Cotford St Luke is a village and civil parish in the district of Somerset West and Taunton, Somerset, England. Cotford St Luke is a new village that was established following the closure of Tone Vale Hospital and Cotford Asylum in the 1990s. The old asylum buildings were converted into housing commencing in the late 1990s.

Amenities and landmarks
The former hospital St Luke's chapel, which is a Grade II listed building built in the 1890s, was converted into a public house/restaurant and opened on 13 July 2008, after being derelict for 18 years. The pub closed in May 2011 and subsequently re-opened on 16 November 2012 under new ownership.
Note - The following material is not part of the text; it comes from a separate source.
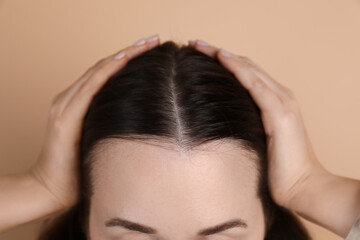 Woman with hair loss problem on beige background, closeup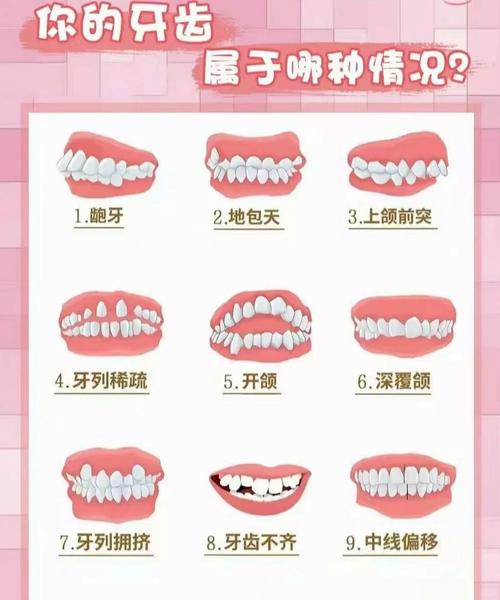 成都孩子几岁矫正牙齿最好 成人还能矫正吗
It is called The Chapel.

Dene Barton Community Hospital is a modern hospital located in the village, and has 40 beds for elderly patients needing acute care or rehabilitation.

The village also has a small supermarket and a community centre/village hall.

St Luke's Centre was opened by the Bishop of Bath and Wells on 21 October 2019 as a Parish Centre of worship and a community Hub for the village of Cotford St. Luke.

Schools 
Cotford St Luke Community Primary School is situated on the edge of the village. It was built on what were the grounds of the asylum playing fields and opened in September 2003.  The school has 10 classes and caters for children from 4 to 11 years, with a pre-school on site for children from the age of 3 years.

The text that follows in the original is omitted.